There have been times when I knew it was all up to me, that I had to make the first move.   Just pull the chord and jump right in after it. Because I wanted to.  Being vocal about it too.  The forceful taking a kiss move, where she can pull out at the last minute or not..  call it the slow forceful kiss.

I have even gone so far to simply look at somebody, and tell them how badly I wanted to kiss them, taste their lips upon my mine and etc..  You know being vocal in the same manner people use to cybersex with on another.  While looking and smiling at them.  Can be really fun if she's a bit of a smart ass with a sense of humor.   A little vocal back and fouth play, teasing and suggestive remarks leading up to the moment.   It's not really asking for permission, more like playing the What if Game... 

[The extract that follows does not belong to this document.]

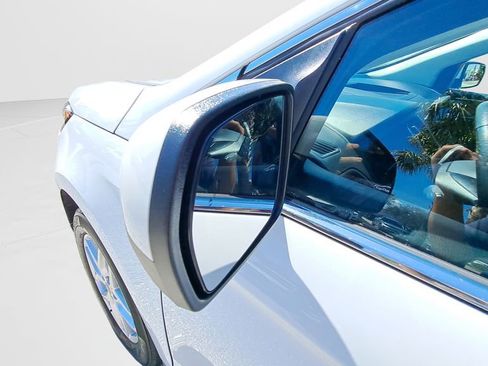 Used 2024 Ford Edge SEL image 11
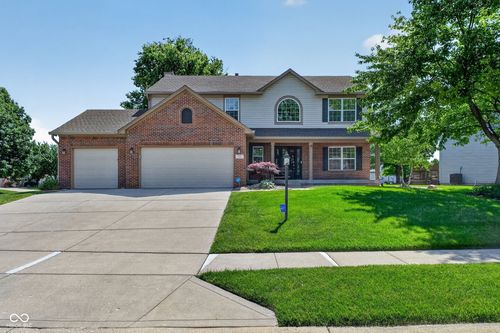 8025 Winterset Cir, Indianapolis, IN, 46214-2272 | Card Image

Then there have been moments, where I've just sensed the right moment... a split second window to do or not to do... Amazing as well..

God I know I'm sounding like a real slut or whore right now.   I tend to do a lot of flirting and even enjoy snagging kisses and hugs or being affectionate in general.   Hugs and kisses, many people love 'em you'd be suprised.

One quick rule of advice!  Don't be all over her trying to man handle her if or when you do kiss her for the first time.  Keep to just the kiss and the kiss alone.  You can kiss somebody without trying to molest them to death.  If they want more, you will be able to tell or not.  LOL...  At least you should be.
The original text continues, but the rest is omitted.